Regardless of the values of the regression parameters, an exponential decay function has a constantly increasing slope. This means that the function decreases most steeply at the beginning and gradually becomes flatter as \(t \rightarrow \infty\). Thus, in the travel time decay context, this model is most useful for the modes and purposes for which value drops off rather quickly.

4.2 LOGISTIC REGRESSION

With one covariate, logistic decay regression takes the following form:

\[ d = \frac{1}{1 + e^{−(β_0+β_1t)}} \]

This can be re-expressed in the following way:

\[ d = \frac{1}{1 + αe^{−β_1t}}, \quad α = e^{−β_0}\]

Where:

  • \(t\) is trip duration (or generalized cost)

  • \(d\) is the decay in value associated with \(t\)

  • \(\alpha\) and \(\beta_1\) together control the rate of decay for the regression fit. (\(\beta_1 < 0\) always for decay models)

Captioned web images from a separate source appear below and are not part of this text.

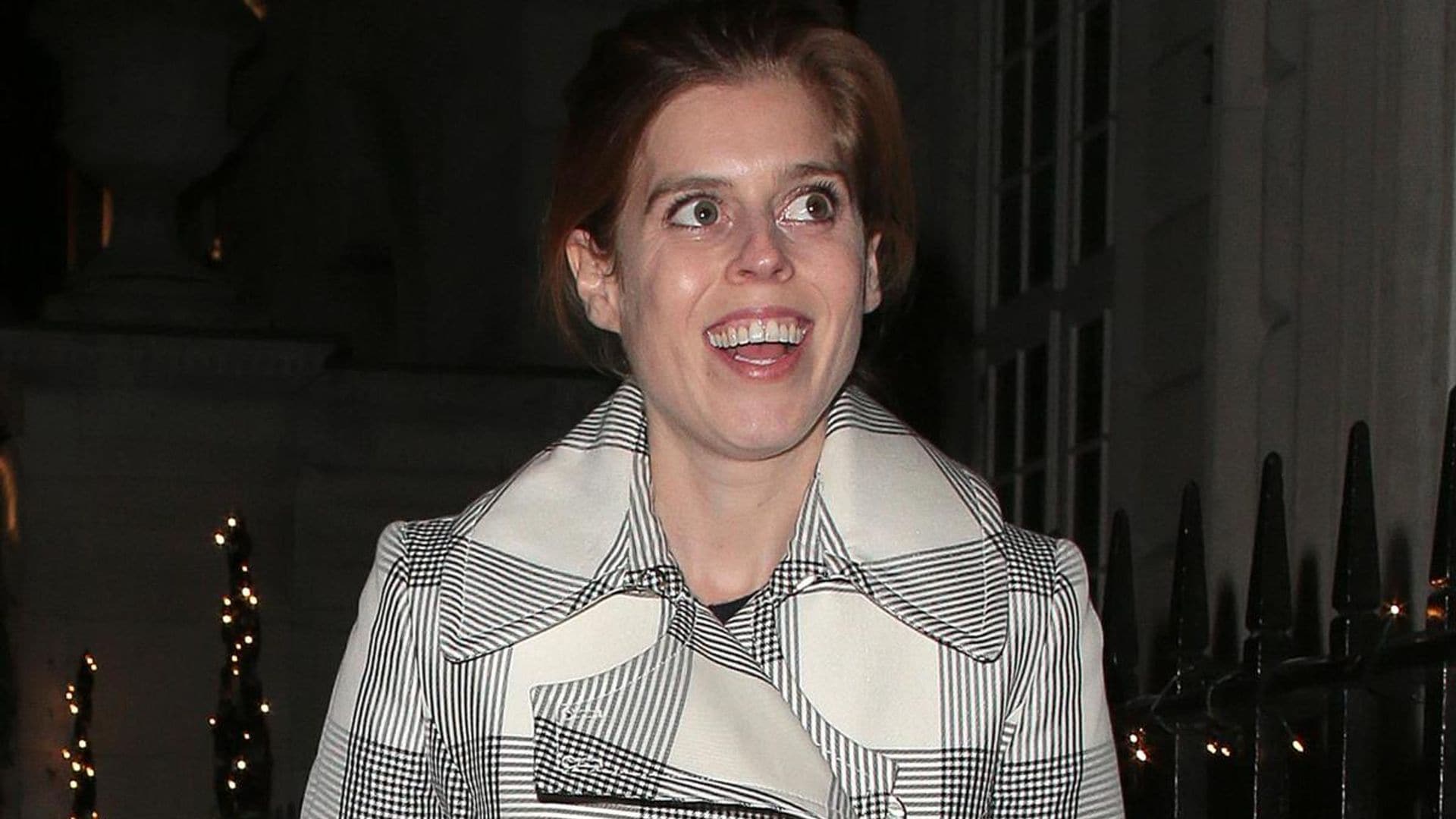 Princess Beatrice cozies up next to husband Edo at Christmas event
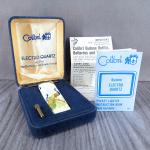 Vintage Calibri Peacock Lighter with Case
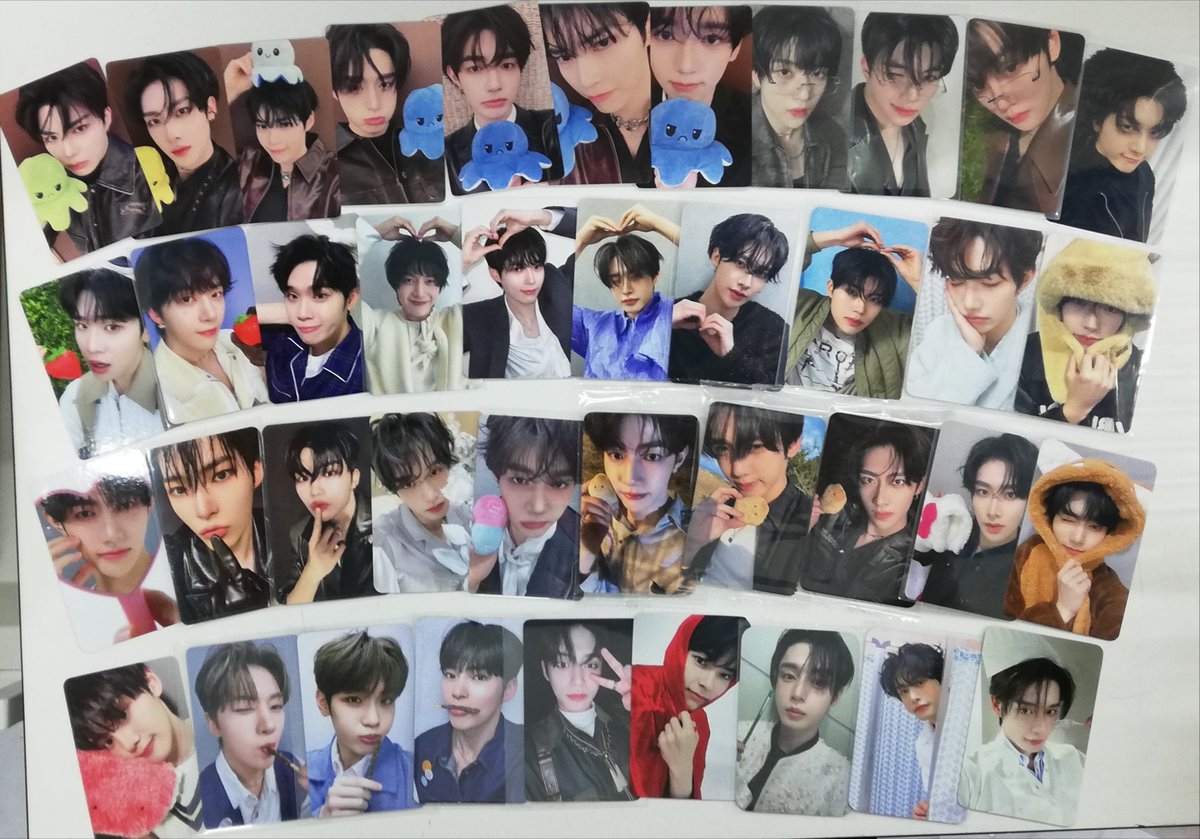 ZB1 #ZEROBASEONE 🖤アンコンKアリ2日目🖤 本日も珍しい特典トレカを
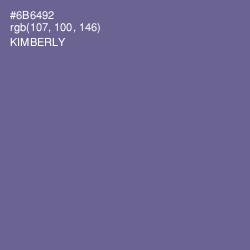 #6B6492 - Kimberly Color Image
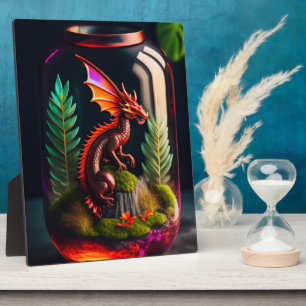 The Dragon Terrarium Digital Art Tabletop Plaque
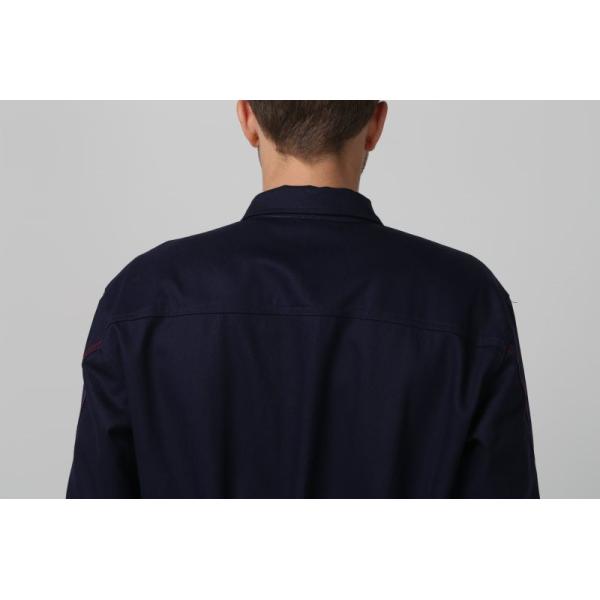 2 Way Brass Zipper Fire Retardant Workwear , 350gsm Flame Proof Overalls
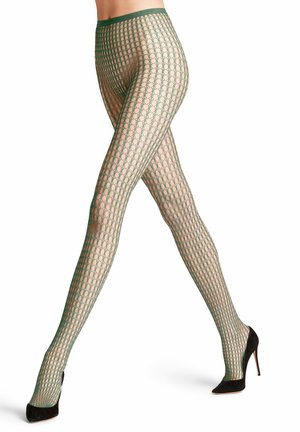 FALKE WICKER GAME - Strumpfhose - sage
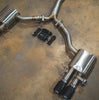 Valvetronic Audi B9 S4,S5 3.0L Catback T304 SS Carbon Fiber 3.5" Tips AUD.B9.S4.VSES.BR.RC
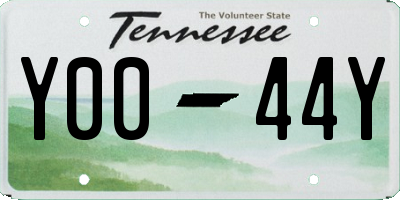 TN license plate Y0044Y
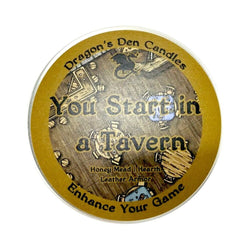 YOU START IN A TAVERN - Tin - Dragon's Den Candles - view 2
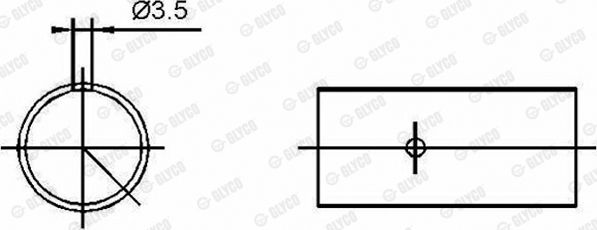 Glyco 55-3422Semi Lagerbuchse, Pleuel für BMW X3 E61 E38 1998-2010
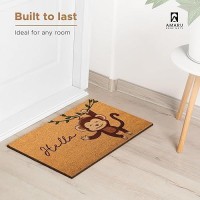 Monkey 29X17 Coir Doormats For Outdoor Entrance Outdoor Welcome Mat For Entryway Porch Antislip Pvc Coconut Fiber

Regardless of the values of the regression parameters, an logistic decay function has a constantly decreasing slope to an inflection point, after which it is increasing. This means that the function decays slowly at the beginning before a steep drop-off. Thus, in the travel time decay context, this model is most useful for the modes and purposes for which value stays relatively high until greater trip durations.

4.3 MODEL SELECTION

Modeling was completed for time for all mode-purpose pairs, and for generalized cost when available (all WAT and DAT models). To fit the models, the sample response at time (or cost) \(t\) was calculated as \(\scriptstyle d_t = \frac{|trips \, of \,duration/cost > t|}{|total \, trips|}\) – in other words, the proportion of trips going longer or costing more than \(t\). Functional form for the model – exponential or logistic decay – was determined at the discretion of the analyst by plotting \(t\) against \(\hat{d_t}\) and observing the shape of the data. The plots for trip duration models are shown in Figure 1. The plots for generalized cost models are shown in Figure 2.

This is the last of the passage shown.